Published 09.09.2014

Scotland. Yes or No. I’m a fiercely proud half-Scot living in England. I have no vote. But I do have an opinion. I don’t think a decision on whether a partnership is best taken when it is in good health. As it is, relatively speaking, today. Because partnerships are best tested in the bad times. Not the best times.

We’re not at war. We’re not in recession. We’re not in dire need (yes there are pockets of desperate need – I am not being blind to it, just working in short-hand). We’re not struggling for vision for our individual nations. But after 300 years on standing together, fighting together, working together it seems so sad to break such a powerful union.

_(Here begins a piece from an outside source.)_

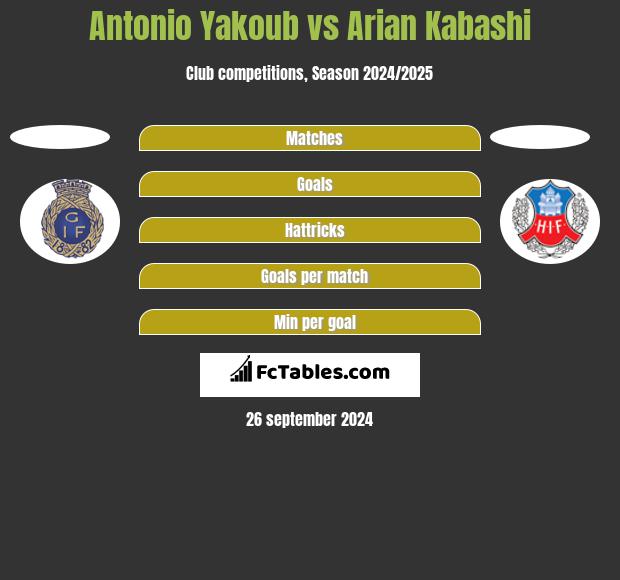 Antonio Yakoub vs Arian Kabashi h2h player stats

Ask a married man or woman that have been together for 50 years, is there a moment you think you’d have been better off alone, living to your own agenda? An easy to predict answer. Surely yes. But then ask them has you life been richer for being together, and I imagine surely yes, again. Like all friendships and partnerships, there’s give and take. No one person’s (or country’s) agenda can be met in full. It’s called compromise. And it’s a beautiful thing when you remember why you’re doing it. For the betterment of everyone’s agenda.

I am delighted to see more power moving into Scotland’s hand. Yes. Good. The economy deserves it. Scotland has a powerful parliament. And some brilliant and bewildering differences to the UK. A sense of pride like most other nations can only dream of. An education system built for Scotland. Not Westminster. And industry that needs reinventing. Breaking the union won’t drive that reinvention.Necessity will. Is. And does.

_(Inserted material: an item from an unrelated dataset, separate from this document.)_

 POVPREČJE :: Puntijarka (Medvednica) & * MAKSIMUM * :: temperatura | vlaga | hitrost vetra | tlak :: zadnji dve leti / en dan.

So if I had a vote, I’d vote to walk arm in arm with my partners that are committed to standing next to me in dark times. While carving out what it means to be Scottish in a new era of further devolved power – giving me the best of both worlds.

Scotland. Please don’t leave the Union. I think it’s a partnership to be admired. And right now, like a marriage, it needs to be worked at. But beautiful, if imperfect like every partnership there’s ever been, it remains. This isn’t a vote for England. Westminster. The conservatives. Or anything other than do we want to stand alone, or together with old friends.

I say don’t vote with a YES or a NO in mind. Vote with logic. And vote for standing arm in arm. For good times, and bad.